So, wall of text aside, I guess what I’m saying can be broken down into:
Illegal copying is not stealing.
Stealing is stealing.
Illegal copying is illegal copying. (tautology is tautology?)
The two are different. Neither one is something I would endorse doing. I wouldn’t suggest that justifying copying with statements like “I wasn’t going to buy it anyway” is defensible. It is, however, worth considering how differently the two acts function rather than trying to force a new phenomenon into the familiar trappings of established classifications.
“But I’m having a really, really hard time wrapping my head around how downloading software that isn’t free, using said software, and not paying for said software isn’t “stealing” said software regardless of the morality issues that may or not be tied to that.”
A quick look at both Webster and Wikipedia tell me what I had suspected: theft involves depriving someone of an object. Which means if I make an exact duplicate, it’s not theft.
It is, however, a violation of copyright. There’s not a single word for that, and it’s not a morally freighted term (I think there should be, and it should be), but that’s what is being done. Someone is taking my house keys and making a copy, and giving me back the original. If we’re friends– or partners– that’s perfectly fine. But strangers don’t get to do that.

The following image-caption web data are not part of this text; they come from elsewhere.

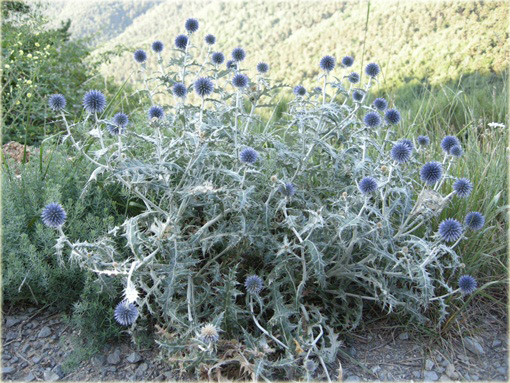 Przegorzan Echinops ritro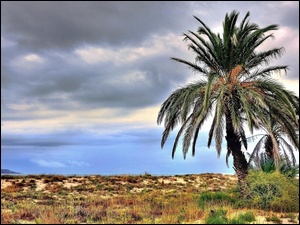 Trawy, Palma
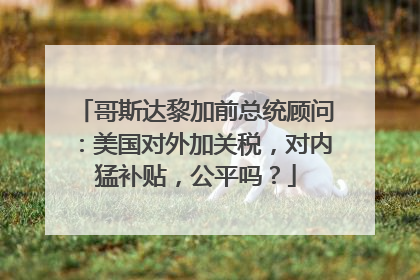 哥斯达黎加前总统顾问：美国对外加关税，对内猛补贴，公平吗？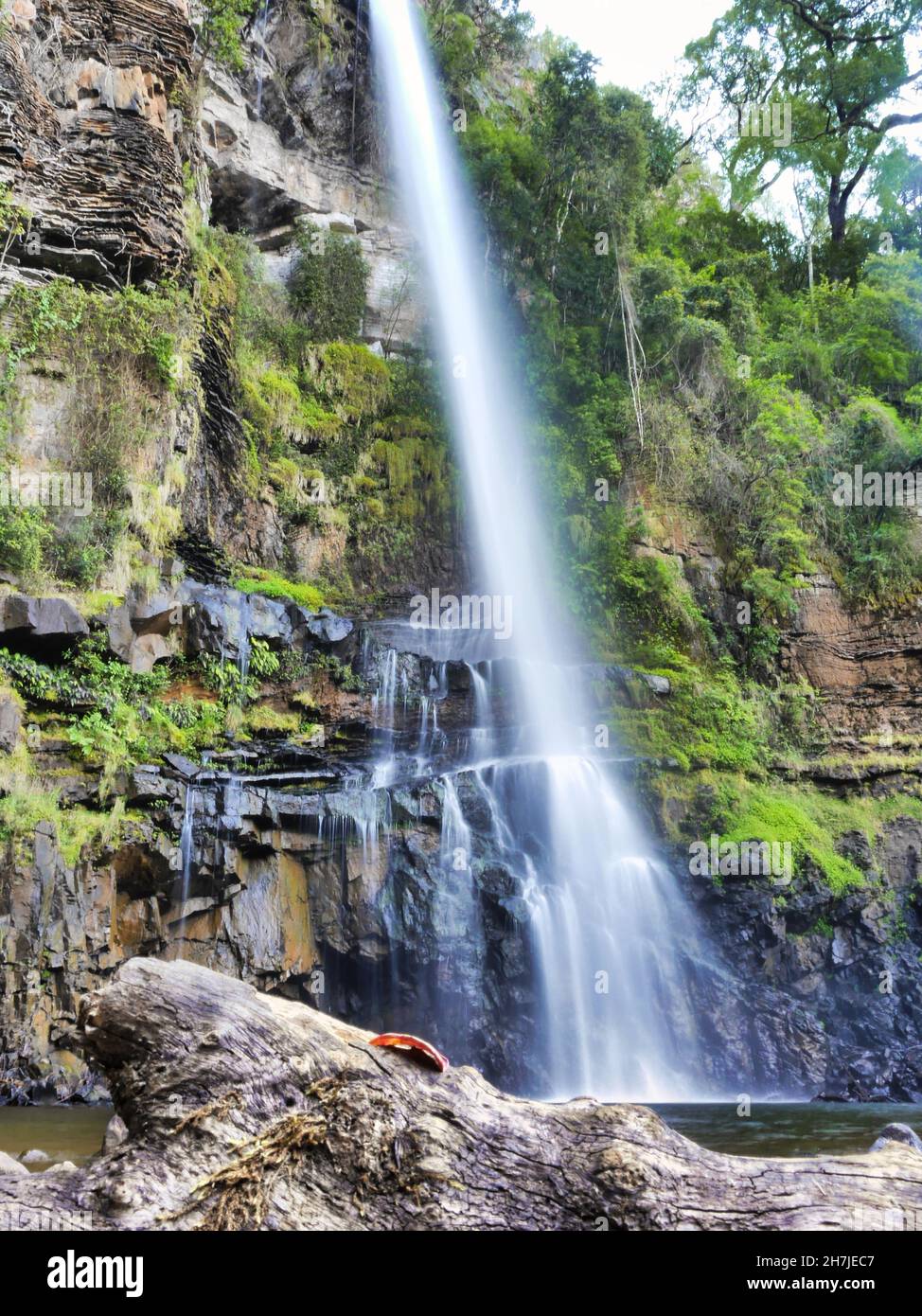 Vertical shot of a beautiful waterfall in a forest Stock Photo - Alamy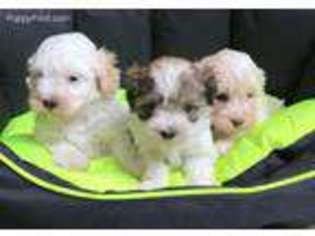 Maltese Puppy for sale in Owensboro, KY, USA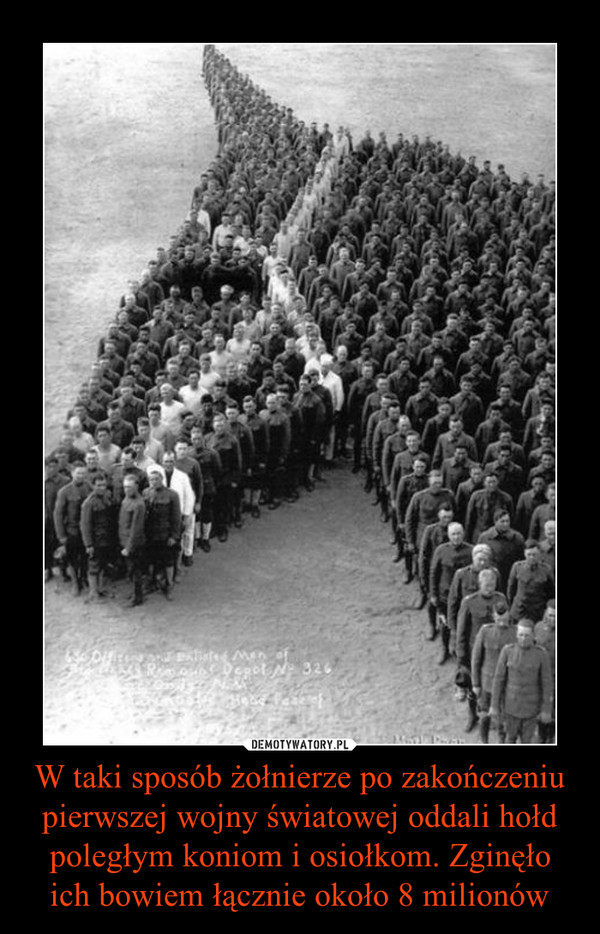 W taki sposób żołnierze po zakończeniu pierwszej wojny światowej oddali hołd poległym koniom i osiołkom. Zginęło ich bowiem łącznie około 8 milionów –  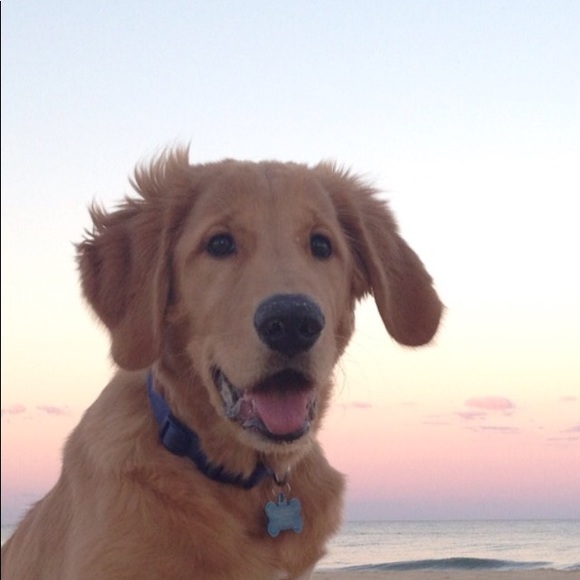 Meet your Posher, Deb - Picture 1 of 1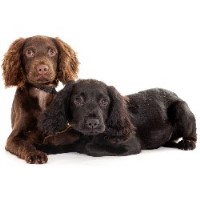 Canine Care Uk Frinton-On-Sea Essex Logo 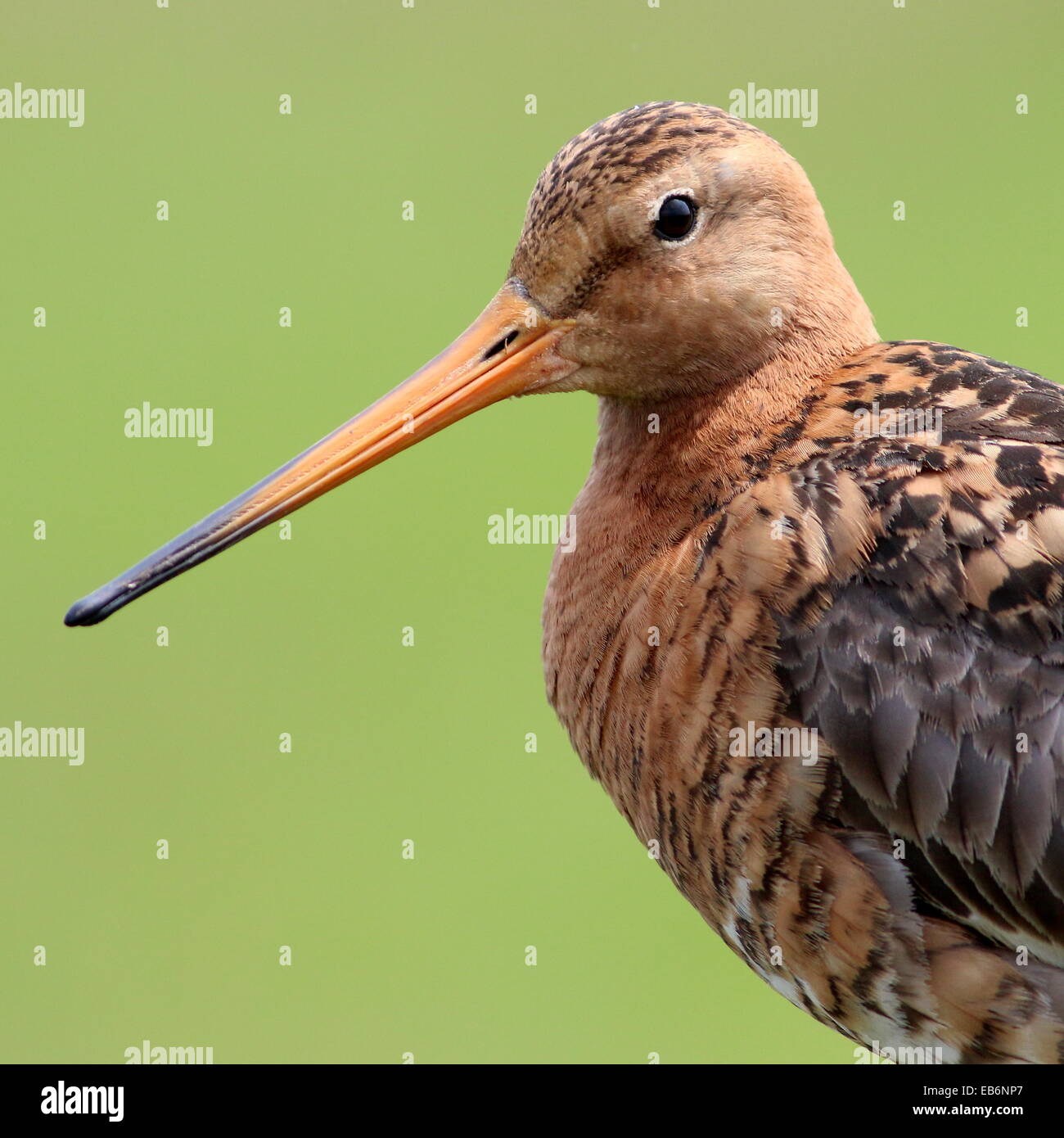 Black-tailed Godwit (Limosa limosa) in close up of upper body and head Stock Photo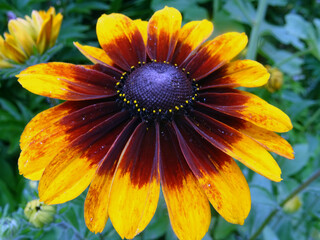 Fleur orange et rouge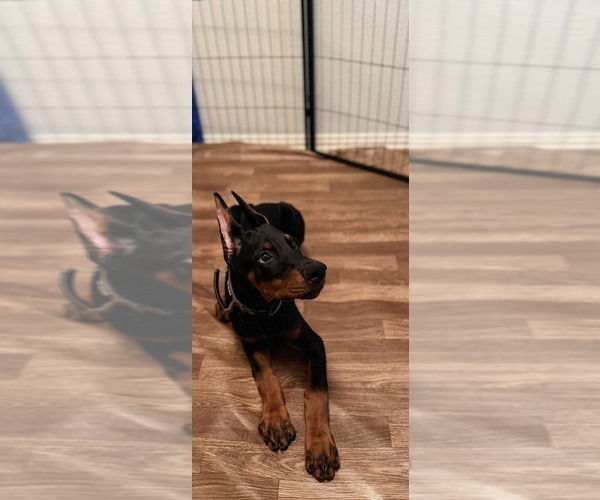 Medium Photo #3  Breeder Profile in ROCKWALL, TX, USA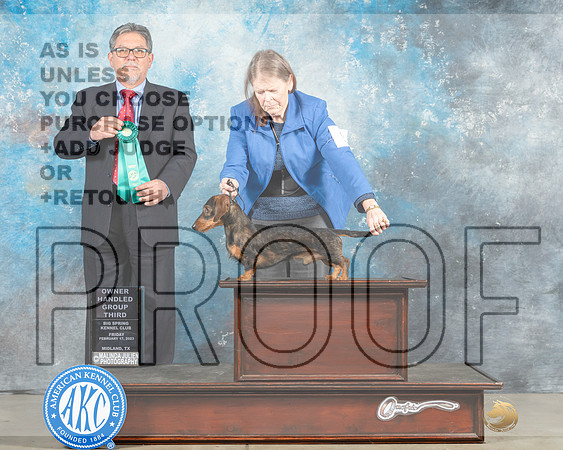 Dachshund Wirehaired #9 Fri OHG3 Judge Elizardo Valadez-_MJ_0988e_Midland2023-HR3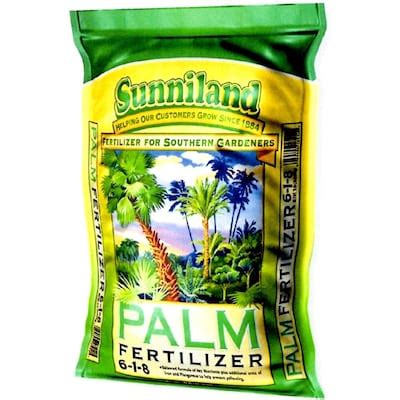 lowes palm fertilizer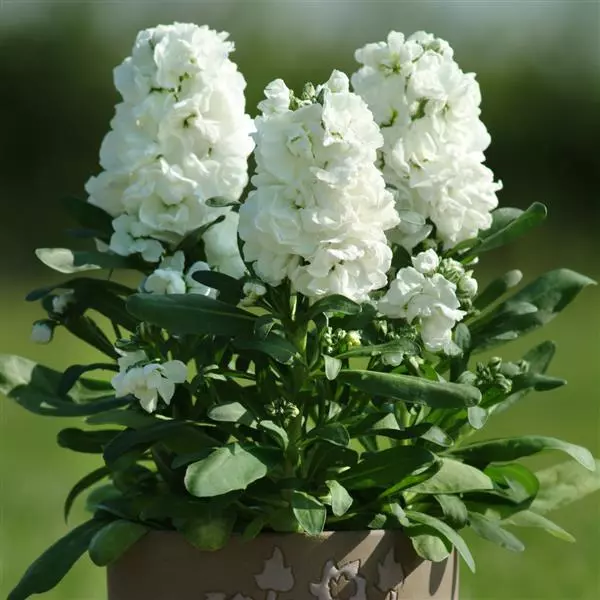 Левкой Хот Кейкс Белая - Matthiola incana Hot Cakes White - Фото №2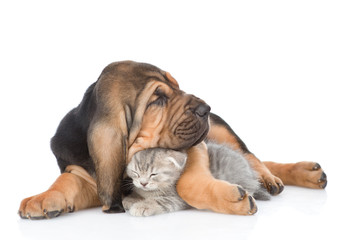 Sleeping bloodhound puppy embracing kitten. isolated on white background
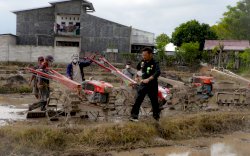 Kementan Dorong Jeneponto Tingkatkan Indeks Pertanaman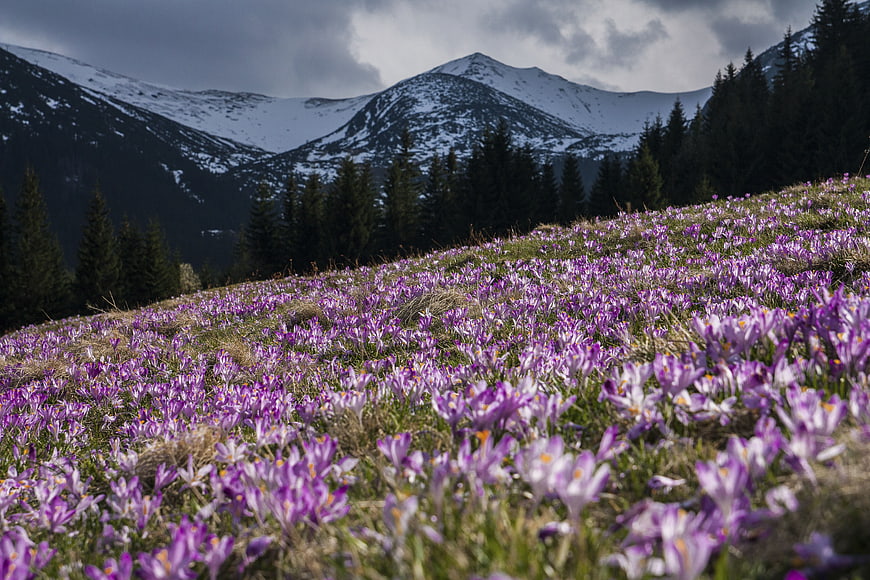 Purple Crocuses Blooming on Mountain Slope with Snowy Peaks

We media consumers should, I think, whenever possible pay for the stuff we read, watch, or play. Otherwise we’re telling the people who create the stuff we enjoy that the fruit of their labor isn’t worth the fruit of our labor. That’s all kinds of disrespectful.
I think that argument is sophistry. For many of us, without ever thinking about it, the main value of anything we pay for is the convenience of not working for that product or service. Whether it be fruit, or cars, or dining out, or listening to music or a video game. So any form of piracy is still theft, because while you’re not stealing an object someone still worked for it whereas you didn’t. Take even pirating groups for example. Groups will fight one another for “stealing” their rips, which I’m pretty sure is the definition of irony.
The new format doesn’t change much except semantics. In terms of intellectual property being some abstract concept, the example that made me open my eyes was a comedians jokes. I know a few comedians and they’re incredibly possessive of their material. It seems childish, but think about it. A joke that’ll work with different crowds isn’t easy to make. So if you find a joke that’ll work 6 out of 7 nights, and it gets lifted, that sucks.
I think there was a weekend where pirated copies of Minecraft worked because of a problem with the authentication server on Mojang’s end, and the following week was their biggest week in sales to date. Hence Notch’s [perhaps extremely skewed?] perspective.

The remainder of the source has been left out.